Lorsqu’on voyait Rav Hamou, on était pris de crainte. Pas de cette peur qui vous bloque, pas de cette angoisse ou de ce sentiment d’être pris au piège, non. On ressentait une fascination immobilisante. J’ai d’ailleurs parlé avec des élèves à lui de plus de trente ans, eux aussi ressentaient toujours autant cette crainte. Mais quand il levait les yeux vers vous, quel bonheur, quelle immense simplicité dans ses yeux bleus, quel océan d’amour et d’empathie dans son regard !
Hachem m’a donné la chance de faire partie de la communauté de Mekor Haim.

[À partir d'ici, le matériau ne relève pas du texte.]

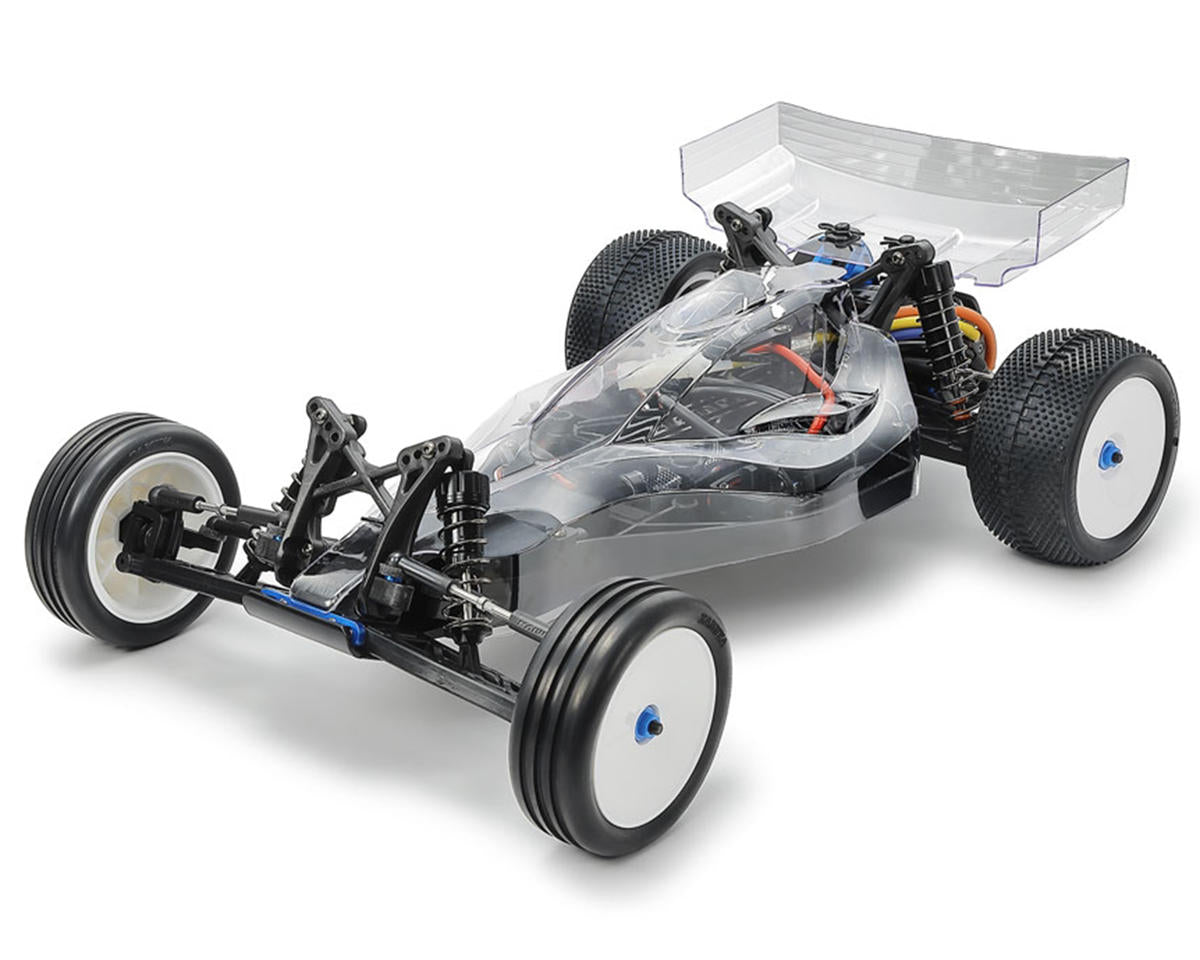 Tamiya DN-01SR 1/10 2WD Electric Off-Road Buggy Kit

D’ailleurs, personne ne dit « Mekor Haim ». On dit « chez Rav Hamou ». On prie « chez Rav Hamou », « on étudie chez Rav Hamou », « on a grandi chez Rav Hamou ». J’ai donc vu le Rav zatsal quasiment quotidiennement ces dernières années, du moins depuis que la Kéhila (communauté) a déménagé. J’ai vu le Rav à 6h du matin, à minuit, j’ai vu le Rav à Pourim comme à Ticha' Béav. Oui, j’ai vu le Rav. Parce que quand on dit « le Rav », on sait qui c’est dans le haut du 19e arrondissement de Paris. Pas qu’il ne manque, Baroukh Hachem, d’autorités rabbiniques et de Talmidé 'Hakhamim (érudits), mais Rav Hamou est une référence. Une référence en tout. En Halakha (loi juive) et en Limoud (étude sainte) bien sûr, mais aussi en joie, en tristesse quand il faut l’être, en Yirat Chamayim (crainte du Ciel), en gentillesse, etc. Je ne répèterai pas ici ce que tout le monde sait et a entendu. Je relaterai seulement quelques anecdotes qui montrent qu’on a ici affaire à un géant.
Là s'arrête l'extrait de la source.